Schematic of a generic pixel detector at a colliding-beam experiment. Five cylindrical layers of silicon pixel sensors (shown in red), each 1 m long and radially spaced 5 cm apart, are concentric with the longitudinal (beam) axis. Not shown is the large concentric solenoid that produces an axial magnetic field which bends the charged particles in the azimuthal direction. (Left) Three particles, of transverse momenta of 10 GeV/c (solid curve), 1 GeV/c (dashed curve) and 0.1 GeV/c (dotted curve) respectively, produced in a pp collision are shown traversing the sensor layers in the transverse (azimuthal) view. The azimuth is divided into 128 wedges as described in the text; the overlaps between adjacent wedges (shown in blue) are due to their arc-shaped boundaries designed for containment of \(p_T> 10\) GeV/c particles. (Right) In the longitudinal (z) view, four particles, each of transverse momenta of 20 GeV/c, are shown. The horizontal dotted line indicates the beam axis. Example collision points are at \(z_0 = \pm 15\) cm, the ends of the luminous region, and the particles pass through the edge of the acceptance of the outermost sensor layer.
The goal of the reconstruction algorithm is to “connect the dots”, i.e. identify radially distributed clusters of hits such that each cluster marks a particle’s trajectory through the sensor layers. With prior knowledge of the pixel positions to micrometer accuracy, each clustered set of hits can be fitted to infer the helix parameters and thence the particles’ positions and momentum vectors. In the context of experimental particle physics, the 3D point cloud is a digital image (more accurately, the feature map) and the particle trajectories, called “tracks”, are the objects of interest to be detected.
The multiplicity of particles and hits is largest in the pixel detectors, hence image reconstruction is more challenging here than with the strip sensors at larger radius. As the techniques we discuss here are equally applicable to the latter, we describe image reconstruction using the pixel-sensor hits. The physics advantages of focusing on the pixel sensors are discussed in7,11.

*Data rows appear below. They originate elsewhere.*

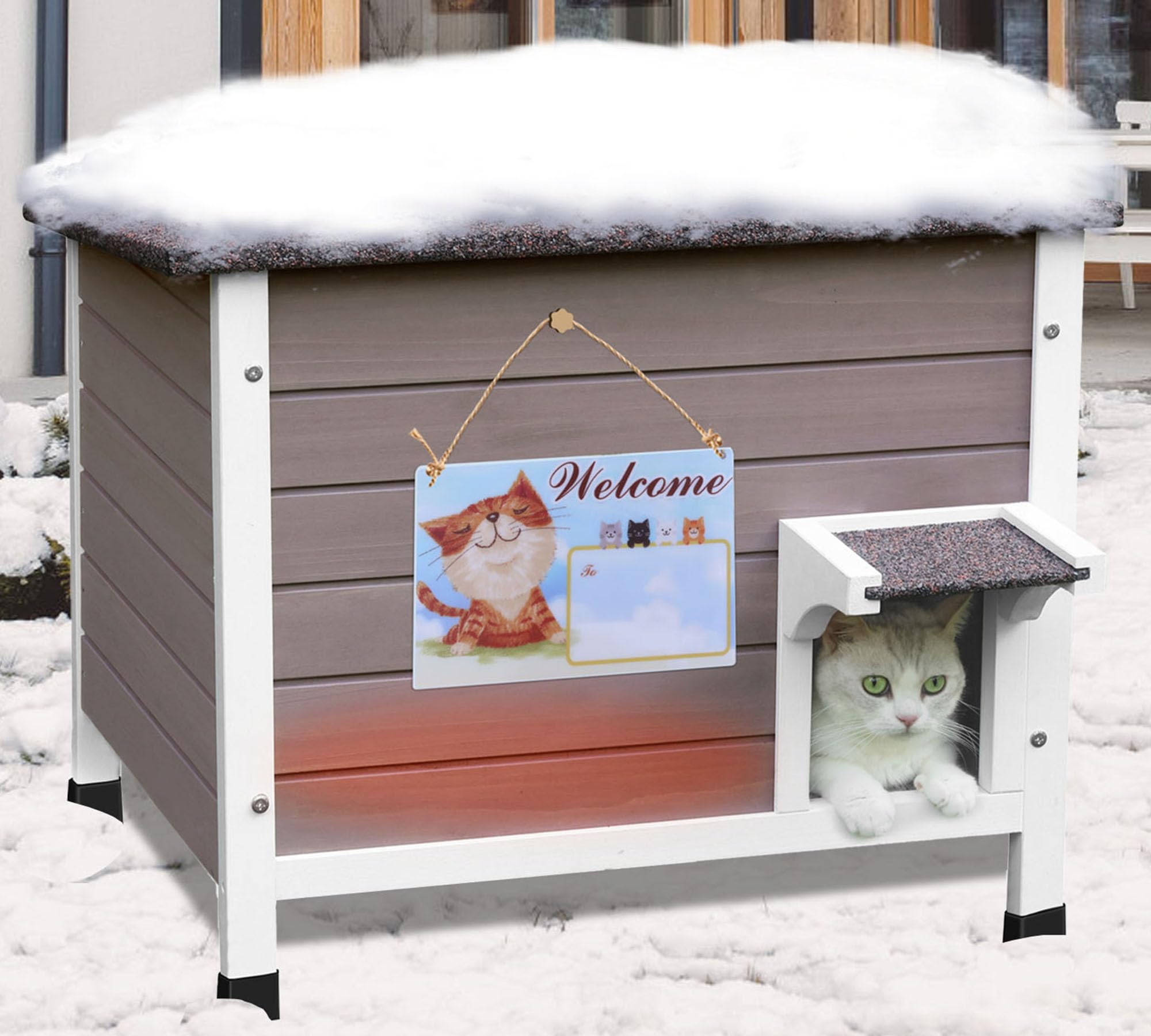 Deblue cat house features asphalt eaves and PVC curtains for rain protection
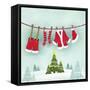 Illustration of Santa Clothes Hanging Outside-null-Framed Stretched Canvas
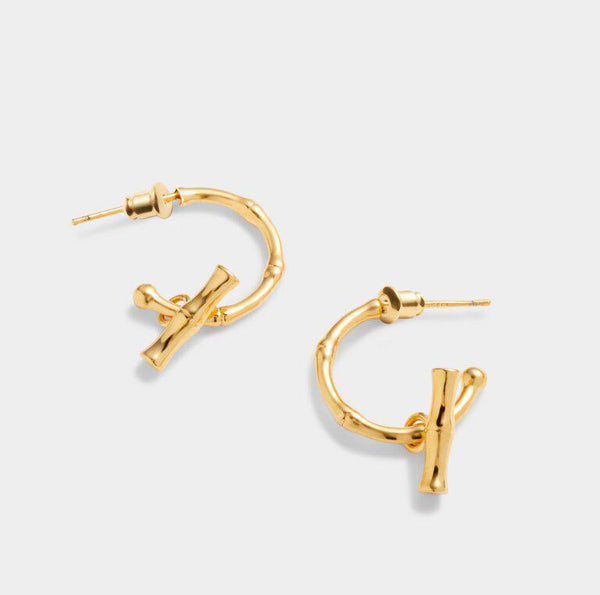 Bamboo Waterproof Gold Hoop Earring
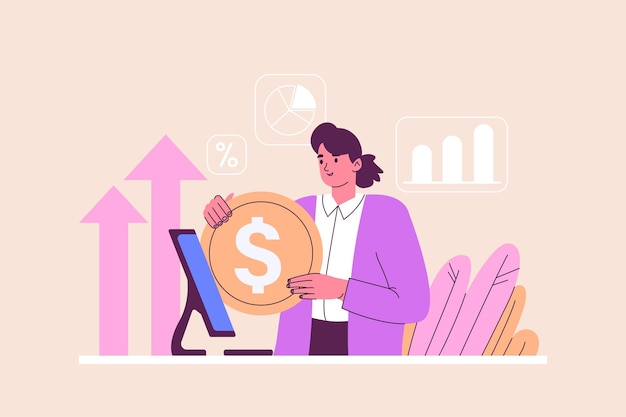 Investitionskonzept mit Menschenszene im flachen Cartoon-Design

Comparison with other methods
In the context of particle tracking at the LHC, other methods based on associative memory, the Hough transform, neural networks, or finding tracklets in paired sensors have been compared in detail with our method in7,11. An advantage of our method is that it is designed to operate at the 40 MHz collision rate in real time. The ability to find all tracks in a patch with a latency of 250 ns and throughput of 40 MHz at the LHC has already been demonstrated in8. Based on that experience, the patch-making algorithm presented here can similarly be parallelized and executed using a small set of instructions - arithmetic operations and comparisons only. A preliminary investigation shows that the patch-making algorithm can match the latency and the 40 MHz throughput of the track-finder; this will be shown in a future publication.
The techniques based on Kalman filter, associative memory, Hough transform and neural networks are being pursued for an input rate of at most 1 MHz12, much slower than our target rate. Particle tracking based on the Kalman filter approach is currently deployed at the LHC to operate at 100 kHz. The tracklet approach can process input data at 40 MHz but requires a special sensor configuration with pairs of closely spaced strip layers13; our approach is compatible with any cylindrical sensor configuration and can be deployed with pixel or strip sensors.
It should be noted that Kalman filters and similar inclusive tracking approaches do not impose a minimum \(p_T\) threshold on tracks. In the interest of speed and generality, our method imposes a modest minimum-\(p_T\) threshold to simplify the arithmetic operations, as described in detail in7. However, these arithmetic simplifications are not essential to our method; they may be eliminated if a cost-benefit analysis provides the motivation to reconstruct the lowest \(p_T\) tracks. The most promising applications in particle physics at the LHC motivate a minimum \(p_T\) threshold7. For this reason, methods based on associative memory, Hough Transform, neural networks and tracklet reconstruction have been pursued, even though they also incorporate minimum-\(p_T\) thresholds.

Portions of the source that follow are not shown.